Figures 4 and 5 represents the performance of encryption time and decryption time respectively. The X, Y axis indicates the number of key lengths in bits and times in ms respectively. Compared to the existing methods, the proposed ECDH method takes minimum encryption and decryption time. Since the ECDH algorithm uses the key generation function, it reduces the information loss and securely exchange the key. By comparing the proposed and existing methods in the encryption and decryption time, shows that the developed method has a lower computation time in the encryption and decryption process compared to the other existing method. The computation is significantly reduced by reducing the number of key generation for the encryption and decryption process. The developed method generates a lower number of key generation than other existing method. Hence the developed method has lower computation than other existing methods.

Fig. 4

Encryption time

Fig. 5

Decryption time

Table 4 depicts the performance of computation overheads with respect to various numbers of blocks. Compared to the other two phases, the proof verification procedure takes longer time and challenge generation procedure takes the shortest time than other two procedures [27, 28]. Compare to the existing technique, the ECDH algorithm takes minimum challenge generation and proof generation time. For challenge generation, homomorphic tags are generated in the challenge process.
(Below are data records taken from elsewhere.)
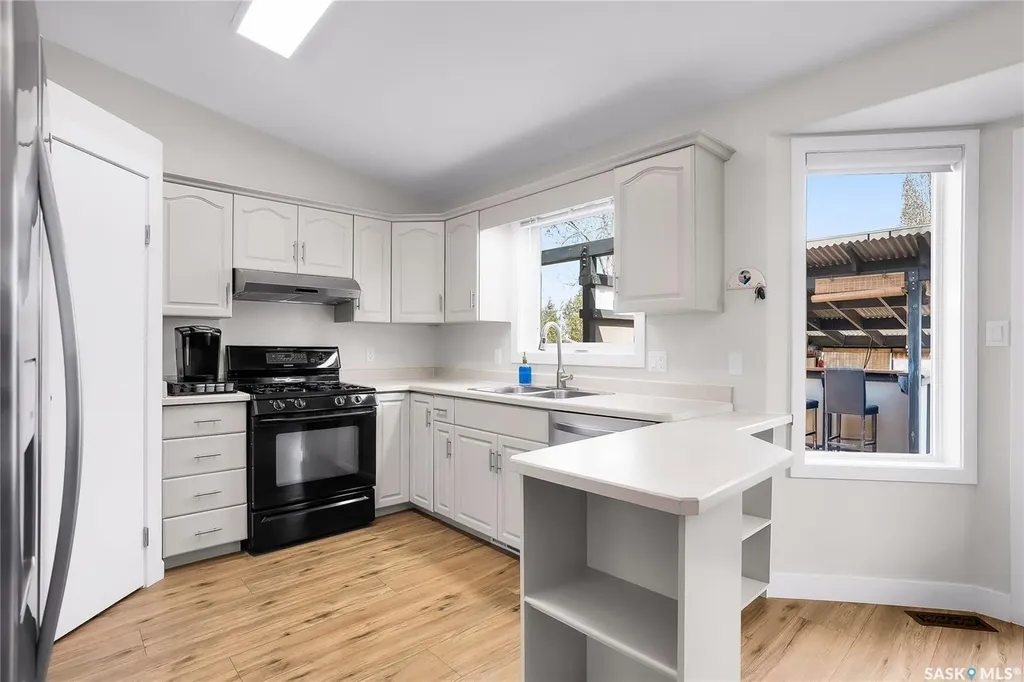 813 Derksen Place Martensville SK S0K 2T0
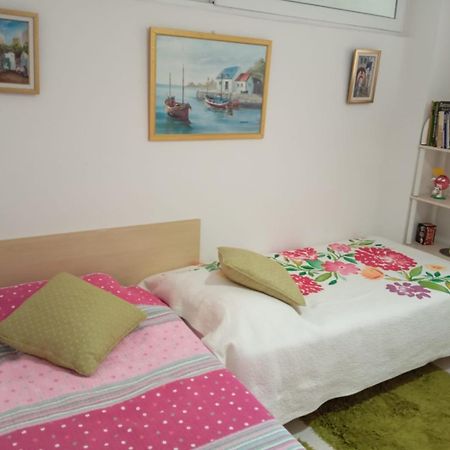 Etage De Villa Avec Jardin, Pres De L'Aireport Et Parking Prive Ariana Εξωτερικό φωτογραφία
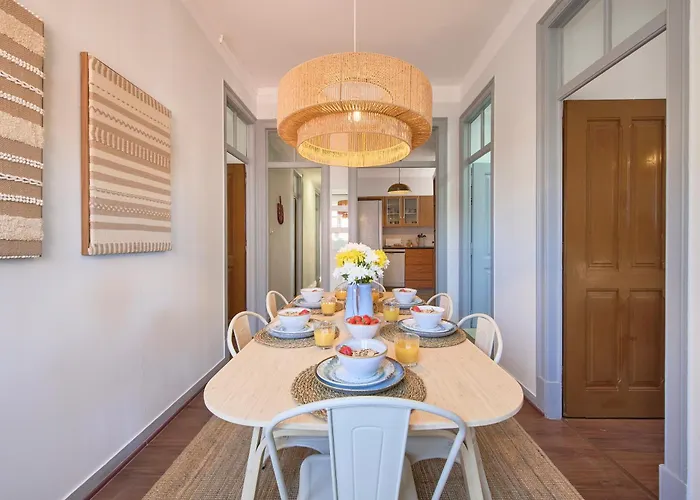 Large Group - Walk To Beach, By Timecooler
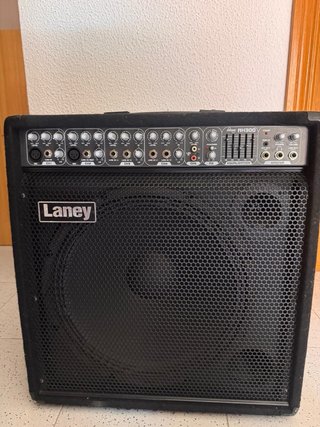 Laney AH300 Amplificador Multiuso 300W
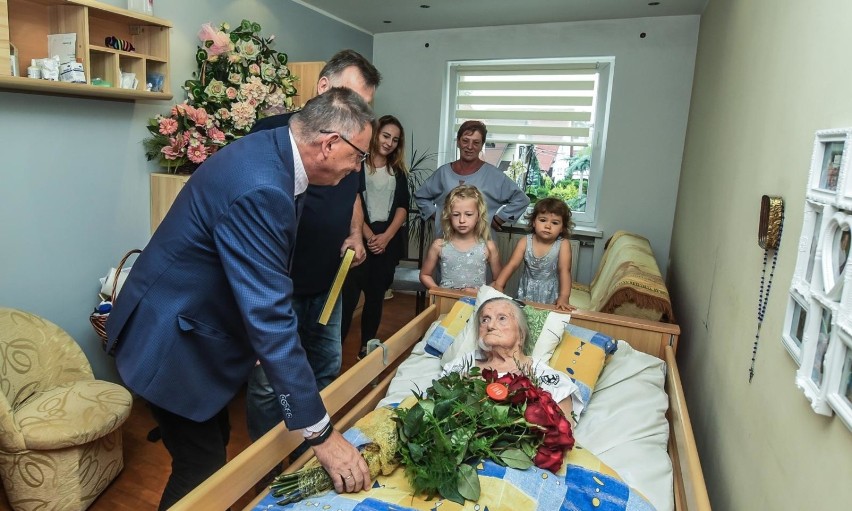 102-letnia bydgoszczanka została uhonorowana medalem,...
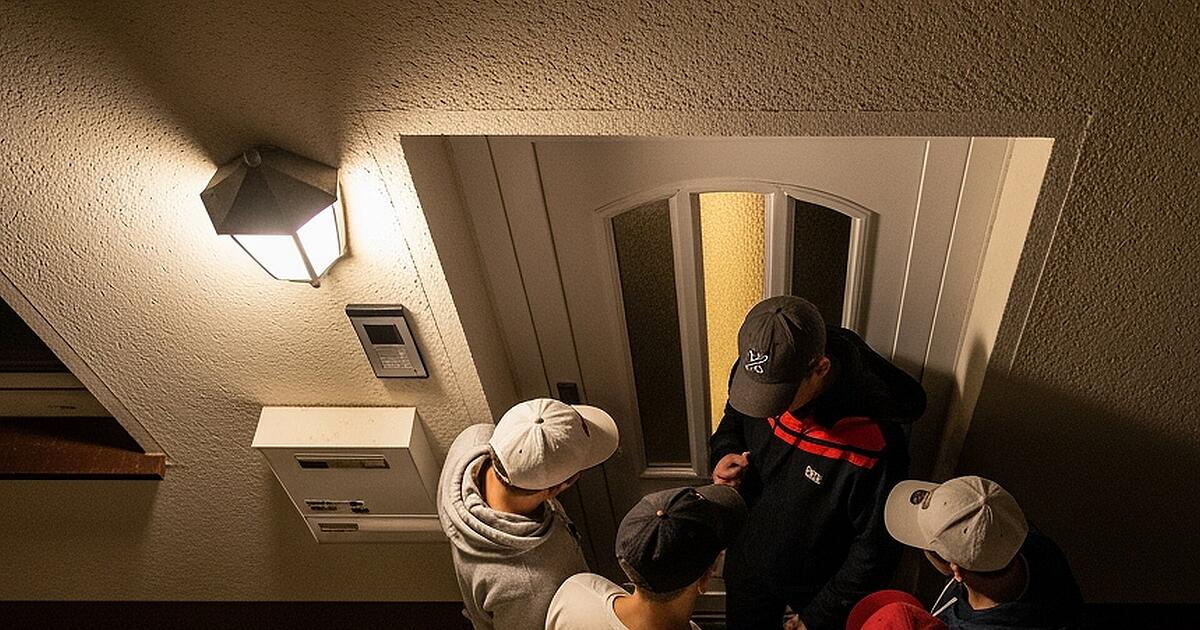 Police Search for Five Men in Baseball Caps After €500 Property Damage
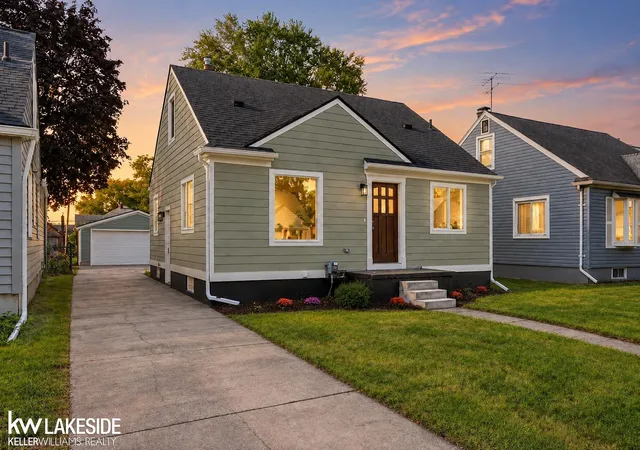 Photo 1 of Single family home for sale at 17800 Wexford St, Roseville, MI 48066 | MLS# 58050223033 | Listing updated on 2026-10-08
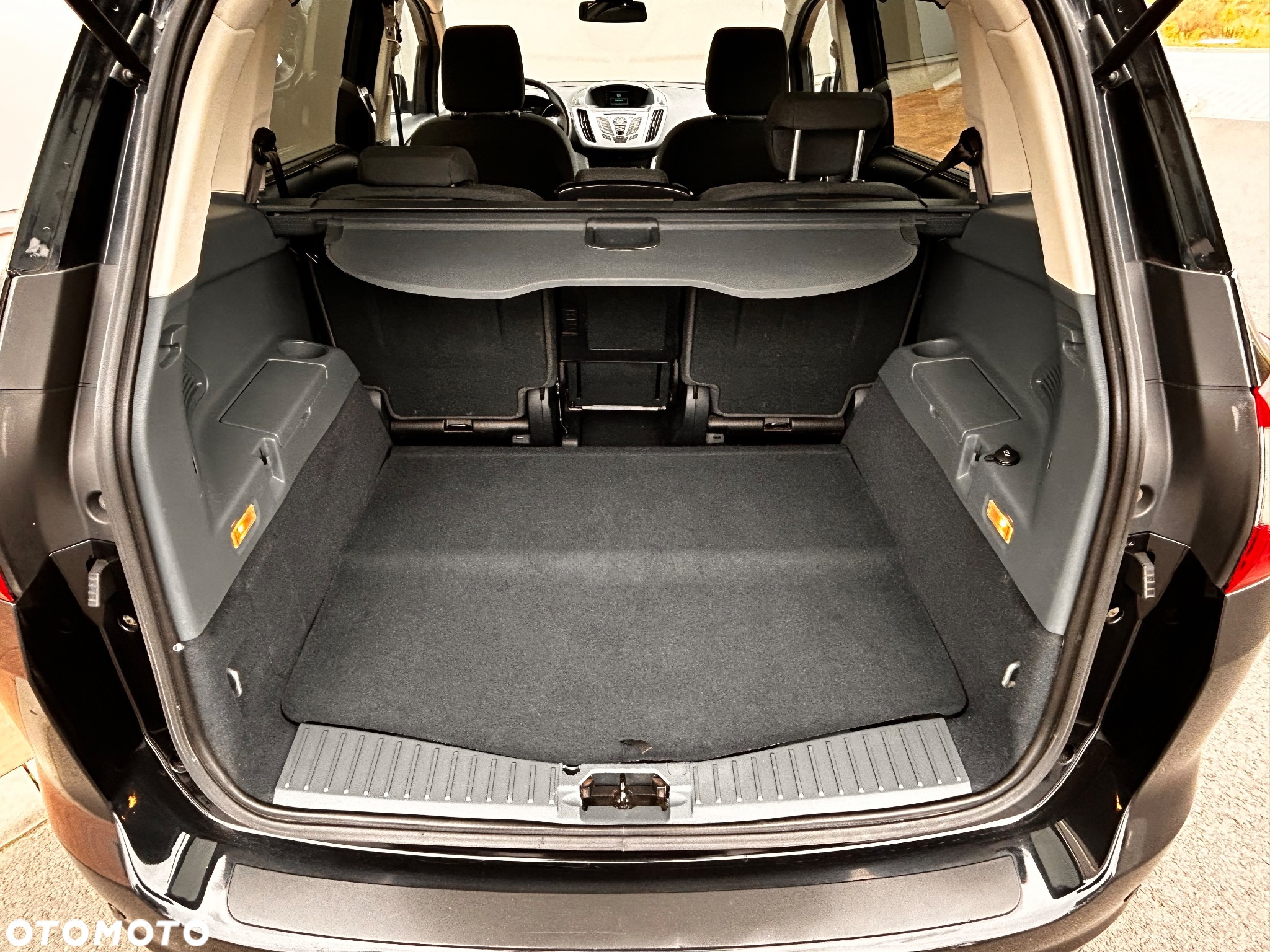 Ford Grand C-MAX 1.6 TDCi Titanium - 34
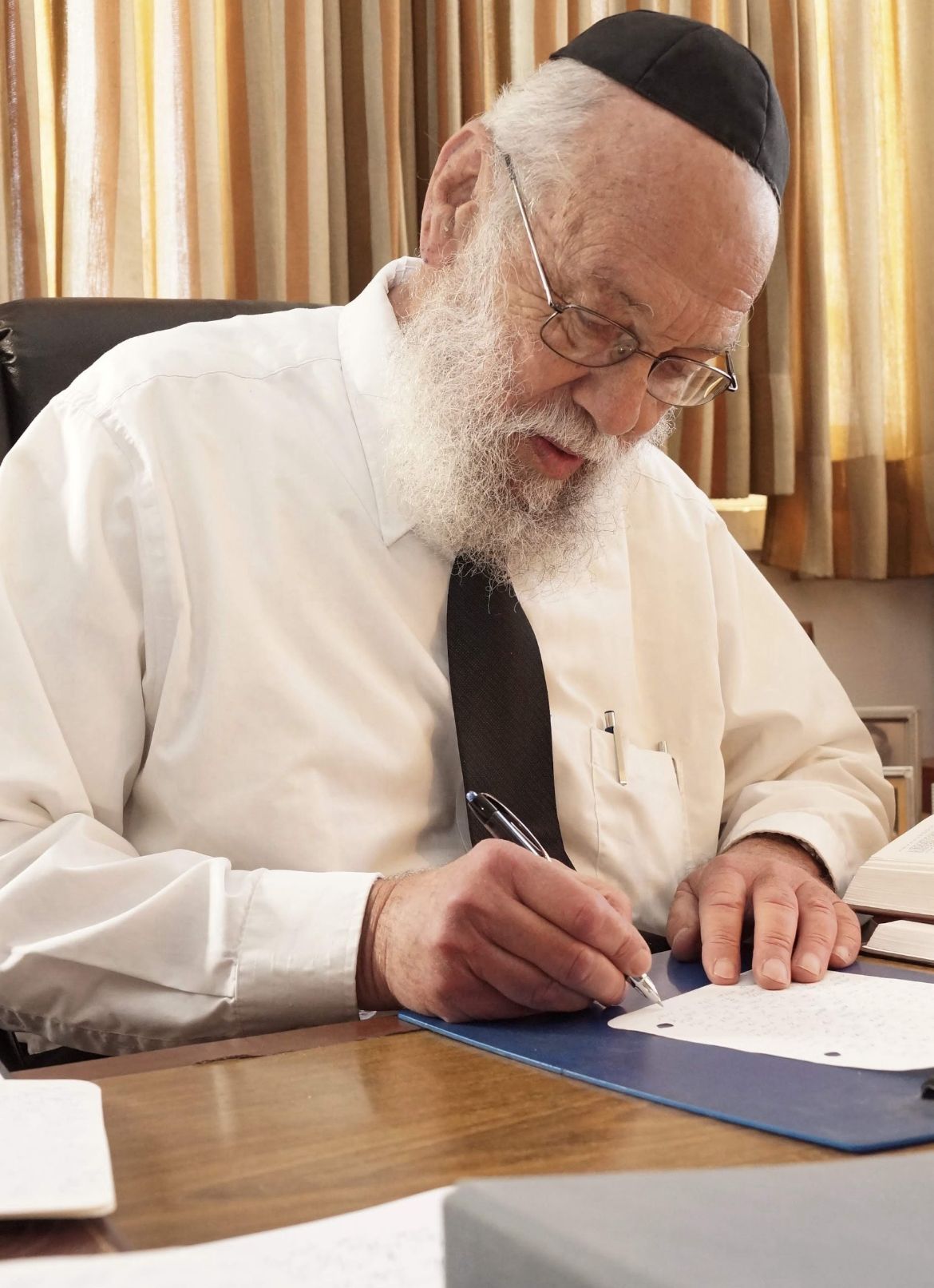 דמות של אמת: ראש ישיבת 'נר משה' רבי אברהם איתיאל גורביץ זצוק"ל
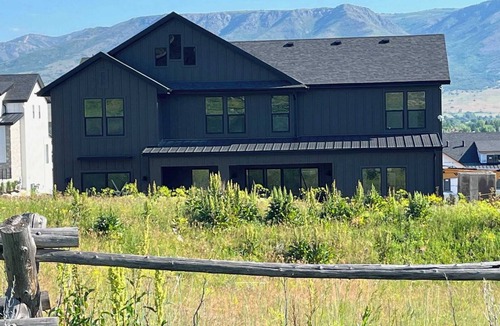 Ogden House | NEW Luxury Home super comfy By Snowbasin & Pow Mow - Inquire for minimum night requirements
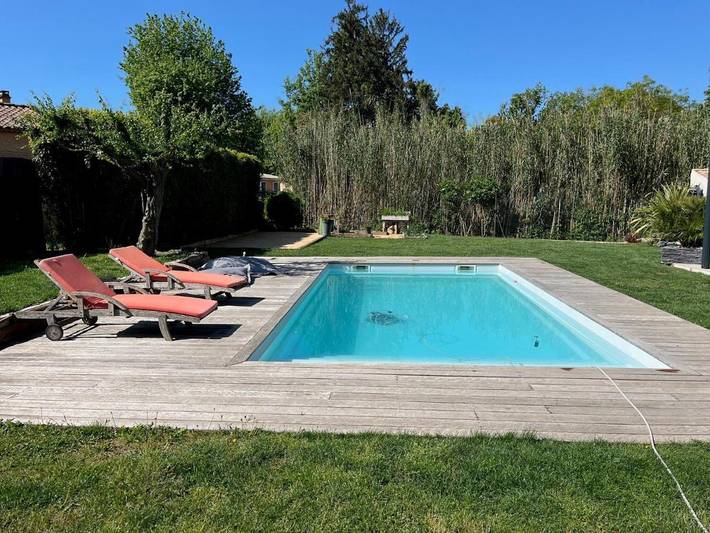 Location de vacances pour 6 personnes, avec piscine et jardin à Gardanne - 2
Since tags has already been created in the secure retrieval index table generation process it fetches only the tag from the table during the challenge process. So it will fetch it in lesser time, which cannot be measured in milliseconds results in challenge generation time to be zero for all blocks.

Table 4 Computation overhead

Figure 6 represents the computation overhead performance of proposed and existing methods. The plot contains a number of challenged blocks in X-axis and the computation overhead in Y-axis. This graphical representation describes the proof generation, proof verification and challenge generation of proposed ECDH method. The proposed ECDH algorithm achieved better results in terms of encryption time, description time and key generation.

Fig. 6

Computation overhead

5 Conclusion

The cloud computing paradigm has become popular recently, because, it has the ability to store huge data and flexible computation. To reap the benefit of these advantages, many data owners outsource their data and data analysis operations (e.g., data queries, data insertion, modifying and so on) in the cloud. For security concerns, a data owner may like to encrypt data before outsourcing. In this paper, ECDH algorithm is used for cloud data security. The user data encrypted using algorithm is stored in the cloud storage. The data stored is retrieved using decryption function based on the user query. The proposed ECDH method is capable of processing the data with larger key size faster than existing algorithms. An experimental evaluation of ECDH algorithm performance is measured using different evaluation metrics such as encryption time, decryption time, key generation time and computation overhead. The execution time of ECDH algorithm is around 70% better performance than the existing cryptographic methods. In future, a secure relevant data retrieval mechanism can be incorporated into the cloud storage.